Try #4: I moved fctest into its own source file (I'm not going to show the source code for this one).

The code for this one finally got it right:

param1 = rand();
00401029 call rand (401131h)
0040102E mov dword ptr [esp+4],eax
            param2 = rand();
00401032 call rand (401131h)
00401037 mov dword ptr [esp],eax
             result = test.FastcallFunction(&param1, &param2);
0040103A lea eax,[esp]
0040103D push eax
0040103E lea edx,[esp+8]
00401042 lea ecx,[esp+0Ch]
00401046 call fctest::FastcallFunction (4010E0h)
            printf("%d: %d: %d", param1, param2, result);
0040104B mov ecx,dword ptr [esp]
            param1 = rand();
00401062 call rand (401131h)
00401067 mov dword ptr [esp+4],eax
            param2 = rand();
0040106B call rand (401131h)
00401070 mov dword ptr [esp],eax
            result = test.ThiscallFunction(&param1, &param2);
00401073 lea eax,[esp]
00401076 push eax
00401077 lea ecx,[esp+8]
0040107B push ecx
0040107C lea ecx,[esp+10h]
00401080 call fctest::ThiscallFunction (4010F0h)
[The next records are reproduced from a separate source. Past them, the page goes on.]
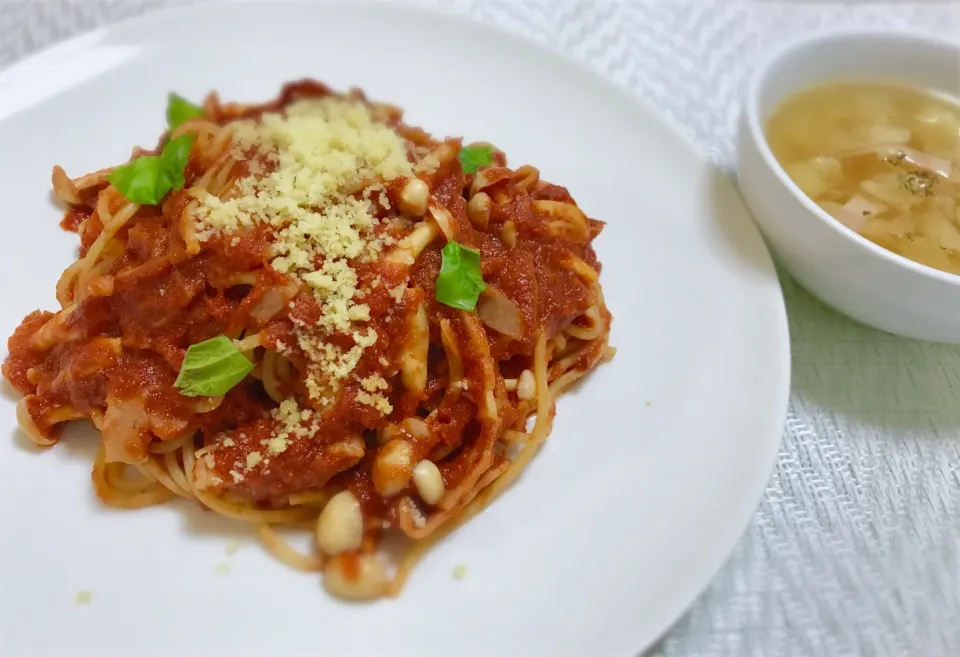 ホワイトしめじとベーコンのトマトソースパスタ|えみちぃさん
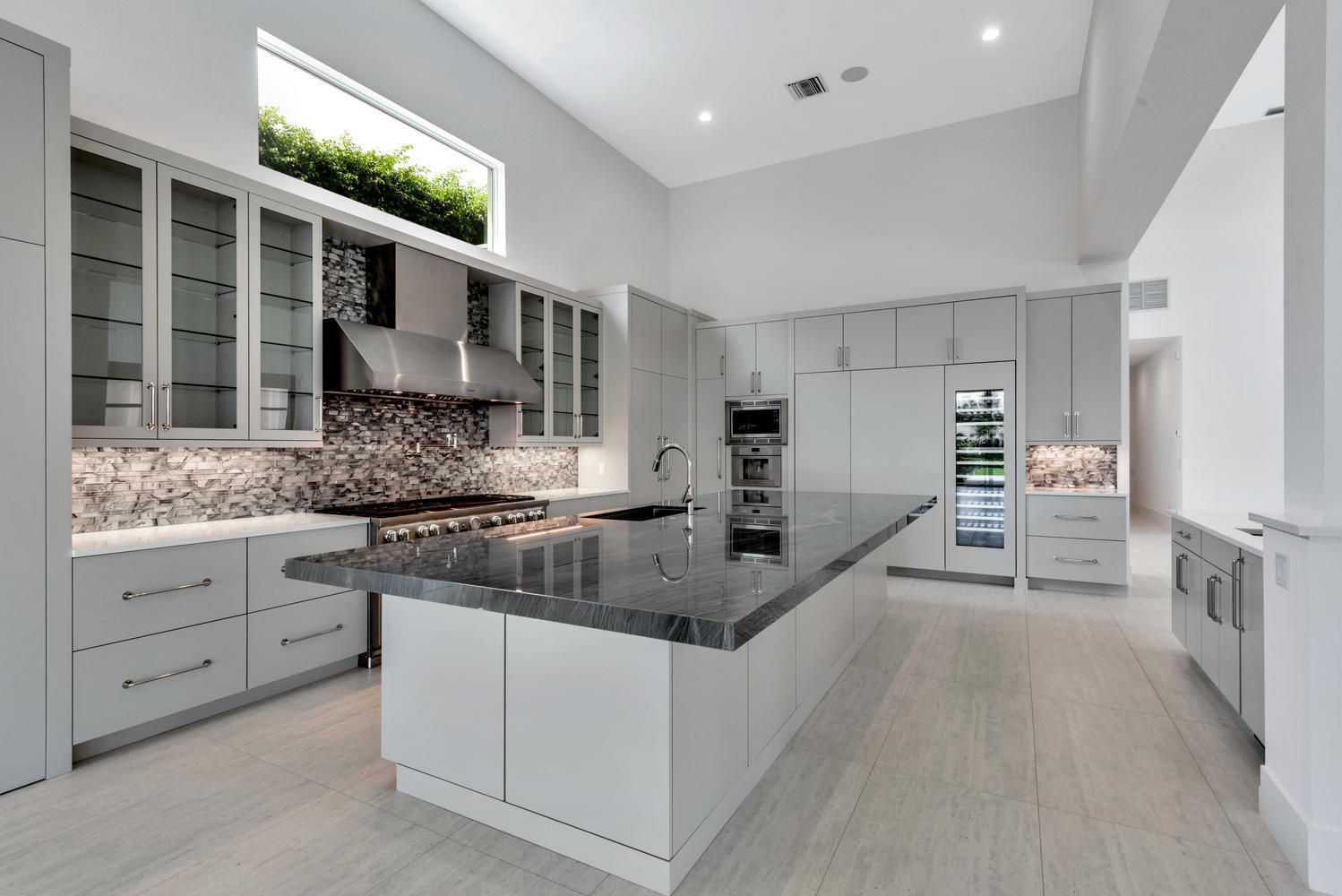 ADMIRALS COVE PAR E - Residential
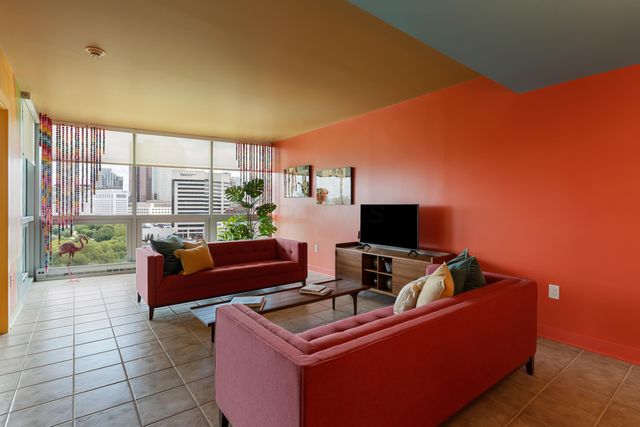 1 Miranova Place, 1130, Columbus, OH 43215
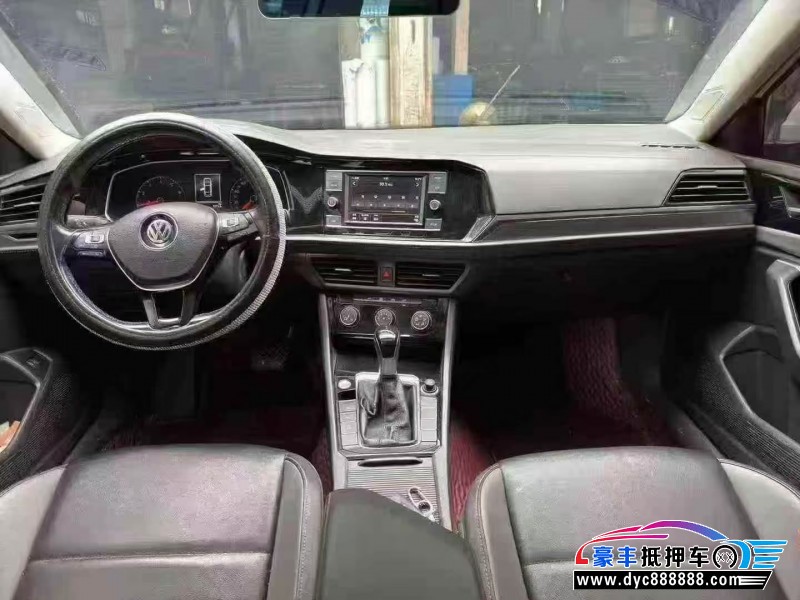 20年大众速腾轿车抵押车出售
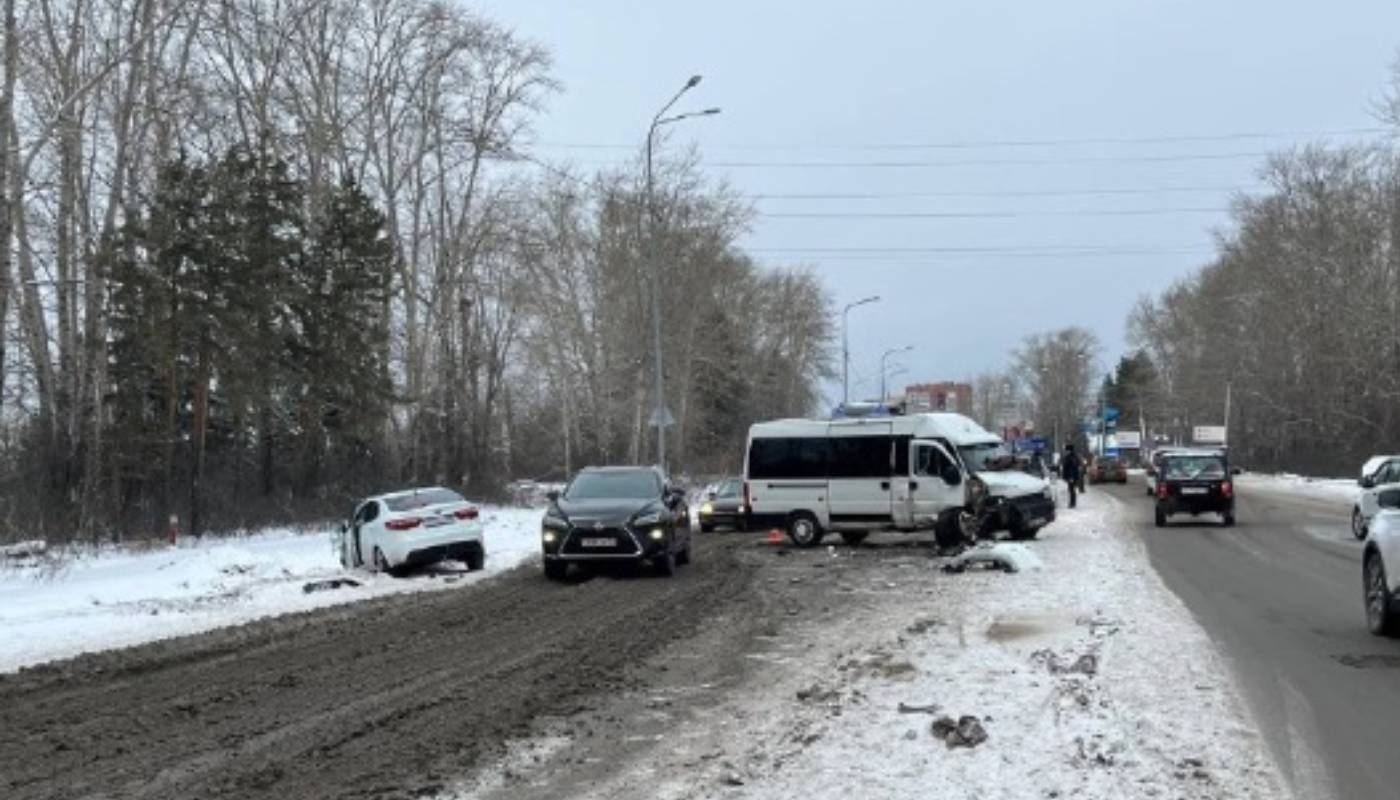 Под Тюменью произошло массовое ДТП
So what's in all this gobbeldygook?

Well, the relevant parts are the instructions from 0x4013a to 0x40146 and 0x401073 to 40107c.  Side by Side, they are:

0040103A lea eax,[esp] 0040103D push eax 0040103E lea edx,[esp+8] 00401042 lea ecx,[esp+0Ch] 00401046 call fctest::FastcallFunction (4010E0h) 00401073 lea eax,[esp] 00401076 push eax 00401077 lea ecx,[esp+8] 0040107B push ecx 0040107C lea ecx,[esp+10h] 00401080 call fctest::ThiscallFunction (4010F0h)

Note that on both functions, the ECX register is loaded with the address of "test".  But in the fastcall function, the 1st parameter is loaded into the EDX register - in the thiscall function, it's pushed onto the stack.

So yes, __fastcall makes a difference for C++ classes.  Not as much as it does for C functions, but it DOES make a difference.